= TRY IT =
When you reach the line that contains "Men’s Retro Leather" in the entries below, begin returning lines exactly as written and continue through the last one.

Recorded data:
--------------------------------------------------

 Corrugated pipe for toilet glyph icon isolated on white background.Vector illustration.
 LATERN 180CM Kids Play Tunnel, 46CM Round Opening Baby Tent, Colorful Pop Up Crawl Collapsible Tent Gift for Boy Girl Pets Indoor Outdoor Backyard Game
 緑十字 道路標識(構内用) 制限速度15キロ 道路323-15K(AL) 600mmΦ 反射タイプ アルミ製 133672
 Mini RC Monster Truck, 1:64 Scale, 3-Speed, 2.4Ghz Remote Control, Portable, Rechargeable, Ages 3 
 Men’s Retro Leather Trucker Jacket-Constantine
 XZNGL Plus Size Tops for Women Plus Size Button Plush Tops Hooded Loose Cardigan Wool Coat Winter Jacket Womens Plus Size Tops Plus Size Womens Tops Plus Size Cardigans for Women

--------------------------------------------------

= YOUR RESPONSE =
 Men’s Retro Leather Trucker Jacket-Constantine
 XZNGL Plus Size Tops for Women Plus Size Button Plush Tops Hooded Loose Cardigan Wool Coat Winter Jacket Womens Plus Size Tops Plus Size Womens Tops Plus Size Cardigans for Women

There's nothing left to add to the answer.